● Task:
Beginning with the line that contains "Imagem: Fotografia. Embalagens" in the material below, print each line exactly until the line that contains "Inviting entryway with" has been printed, then stop.

● Available data:
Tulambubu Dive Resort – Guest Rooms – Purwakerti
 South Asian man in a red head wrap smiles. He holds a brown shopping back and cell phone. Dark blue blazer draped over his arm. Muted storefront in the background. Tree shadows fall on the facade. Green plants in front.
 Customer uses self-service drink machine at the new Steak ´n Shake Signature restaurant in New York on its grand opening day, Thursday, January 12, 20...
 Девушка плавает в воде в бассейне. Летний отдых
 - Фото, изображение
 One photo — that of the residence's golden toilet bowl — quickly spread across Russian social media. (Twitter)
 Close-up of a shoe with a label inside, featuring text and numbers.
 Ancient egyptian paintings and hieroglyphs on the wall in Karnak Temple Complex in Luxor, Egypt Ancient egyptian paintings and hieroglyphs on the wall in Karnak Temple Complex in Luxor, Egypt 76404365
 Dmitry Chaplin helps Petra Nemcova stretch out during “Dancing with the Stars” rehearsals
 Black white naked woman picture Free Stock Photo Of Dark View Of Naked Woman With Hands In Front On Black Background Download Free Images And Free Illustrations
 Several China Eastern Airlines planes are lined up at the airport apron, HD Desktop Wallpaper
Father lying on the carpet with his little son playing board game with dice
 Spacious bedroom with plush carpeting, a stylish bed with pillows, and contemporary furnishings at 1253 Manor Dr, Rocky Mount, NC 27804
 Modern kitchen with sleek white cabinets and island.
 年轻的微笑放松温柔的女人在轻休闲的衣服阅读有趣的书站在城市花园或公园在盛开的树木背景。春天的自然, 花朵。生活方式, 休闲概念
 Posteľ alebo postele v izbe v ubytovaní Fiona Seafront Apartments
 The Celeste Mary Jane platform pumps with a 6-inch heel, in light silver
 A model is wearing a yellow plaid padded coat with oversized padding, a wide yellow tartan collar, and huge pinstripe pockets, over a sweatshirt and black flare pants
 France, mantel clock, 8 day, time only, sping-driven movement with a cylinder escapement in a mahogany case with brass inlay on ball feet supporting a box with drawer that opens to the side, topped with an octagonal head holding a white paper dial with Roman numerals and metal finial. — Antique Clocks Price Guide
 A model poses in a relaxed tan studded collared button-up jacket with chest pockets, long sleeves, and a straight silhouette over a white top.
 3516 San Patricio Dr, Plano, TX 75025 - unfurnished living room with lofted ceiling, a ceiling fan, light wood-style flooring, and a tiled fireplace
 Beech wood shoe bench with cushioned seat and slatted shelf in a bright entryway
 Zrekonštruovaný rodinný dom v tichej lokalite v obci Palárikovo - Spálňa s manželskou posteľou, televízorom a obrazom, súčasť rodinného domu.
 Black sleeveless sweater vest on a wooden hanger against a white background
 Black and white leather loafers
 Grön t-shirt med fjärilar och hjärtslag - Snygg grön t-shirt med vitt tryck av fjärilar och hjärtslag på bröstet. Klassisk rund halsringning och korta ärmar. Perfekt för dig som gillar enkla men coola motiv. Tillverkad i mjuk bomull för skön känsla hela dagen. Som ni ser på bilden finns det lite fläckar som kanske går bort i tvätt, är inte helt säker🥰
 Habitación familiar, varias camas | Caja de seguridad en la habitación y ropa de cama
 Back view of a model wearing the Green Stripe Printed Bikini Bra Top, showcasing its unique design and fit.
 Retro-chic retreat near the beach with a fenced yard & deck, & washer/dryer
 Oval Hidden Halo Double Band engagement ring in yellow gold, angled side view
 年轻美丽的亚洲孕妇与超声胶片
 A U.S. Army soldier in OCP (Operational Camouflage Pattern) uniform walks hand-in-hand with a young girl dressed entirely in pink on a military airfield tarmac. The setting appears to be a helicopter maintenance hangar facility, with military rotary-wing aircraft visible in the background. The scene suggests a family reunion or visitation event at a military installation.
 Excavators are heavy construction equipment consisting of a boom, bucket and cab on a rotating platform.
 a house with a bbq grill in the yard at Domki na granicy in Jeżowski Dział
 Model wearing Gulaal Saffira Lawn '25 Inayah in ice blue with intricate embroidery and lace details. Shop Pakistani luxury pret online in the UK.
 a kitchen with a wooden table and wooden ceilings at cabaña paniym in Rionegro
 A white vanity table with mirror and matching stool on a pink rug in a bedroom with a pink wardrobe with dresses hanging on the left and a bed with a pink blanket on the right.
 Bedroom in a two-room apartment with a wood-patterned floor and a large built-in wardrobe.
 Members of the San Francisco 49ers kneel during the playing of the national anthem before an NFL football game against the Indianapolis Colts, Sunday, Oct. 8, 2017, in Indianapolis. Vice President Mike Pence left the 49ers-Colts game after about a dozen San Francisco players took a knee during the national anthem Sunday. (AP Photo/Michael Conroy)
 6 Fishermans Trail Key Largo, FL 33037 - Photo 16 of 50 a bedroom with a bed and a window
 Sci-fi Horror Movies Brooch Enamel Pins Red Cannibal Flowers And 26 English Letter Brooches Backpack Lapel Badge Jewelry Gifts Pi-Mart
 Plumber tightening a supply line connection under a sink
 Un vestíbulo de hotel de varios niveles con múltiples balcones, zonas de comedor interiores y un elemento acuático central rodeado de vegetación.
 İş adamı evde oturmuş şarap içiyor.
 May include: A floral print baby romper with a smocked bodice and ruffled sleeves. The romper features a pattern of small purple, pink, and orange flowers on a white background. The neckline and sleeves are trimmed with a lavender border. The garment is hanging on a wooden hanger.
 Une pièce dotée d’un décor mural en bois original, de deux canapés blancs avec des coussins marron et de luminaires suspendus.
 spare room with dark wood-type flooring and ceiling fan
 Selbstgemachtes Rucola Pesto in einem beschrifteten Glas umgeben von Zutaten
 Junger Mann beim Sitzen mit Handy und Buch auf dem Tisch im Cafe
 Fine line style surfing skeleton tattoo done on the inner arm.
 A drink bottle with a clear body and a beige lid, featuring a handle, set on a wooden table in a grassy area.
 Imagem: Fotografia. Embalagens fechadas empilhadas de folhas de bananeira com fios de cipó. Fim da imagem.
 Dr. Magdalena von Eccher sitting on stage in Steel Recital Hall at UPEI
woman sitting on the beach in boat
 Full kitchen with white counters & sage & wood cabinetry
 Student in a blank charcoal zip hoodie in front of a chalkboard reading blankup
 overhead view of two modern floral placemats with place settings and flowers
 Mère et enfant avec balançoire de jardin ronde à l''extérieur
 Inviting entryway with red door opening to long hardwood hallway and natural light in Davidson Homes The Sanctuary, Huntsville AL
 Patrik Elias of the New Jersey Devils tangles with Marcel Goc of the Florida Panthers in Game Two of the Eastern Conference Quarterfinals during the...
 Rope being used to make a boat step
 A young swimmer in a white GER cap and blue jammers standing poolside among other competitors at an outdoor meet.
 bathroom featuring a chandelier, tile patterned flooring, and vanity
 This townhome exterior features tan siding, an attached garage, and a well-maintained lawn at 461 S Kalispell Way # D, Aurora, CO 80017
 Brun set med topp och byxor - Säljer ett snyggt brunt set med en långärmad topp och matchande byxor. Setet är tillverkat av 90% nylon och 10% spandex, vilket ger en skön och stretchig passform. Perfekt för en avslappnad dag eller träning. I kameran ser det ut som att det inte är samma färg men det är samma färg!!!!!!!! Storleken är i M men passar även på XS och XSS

● Answer:
 Imagem: Fotografia. Embalagens fechadas empilhadas de folhas de bananeira com fios de cipó. Fim da imagem.
 Dr. Magdalena von Eccher sitting on stage in Steel Recital Hall at UPEI
woman sitting on the beach in boat
 Full kitchen with white counters & sage & wood cabinetry
 Student in a blank charcoal zip hoodie in front of a chalkboard reading blankup
 overhead view of two modern floral placemats with place settings and flowers
 Mère et enfant avec balançoire de jardin ronde à l''extérieur
 Inviting entryway with red door opening to long hardwood hallway and natural light in Davidson Homes The Sanctuary, Huntsville AL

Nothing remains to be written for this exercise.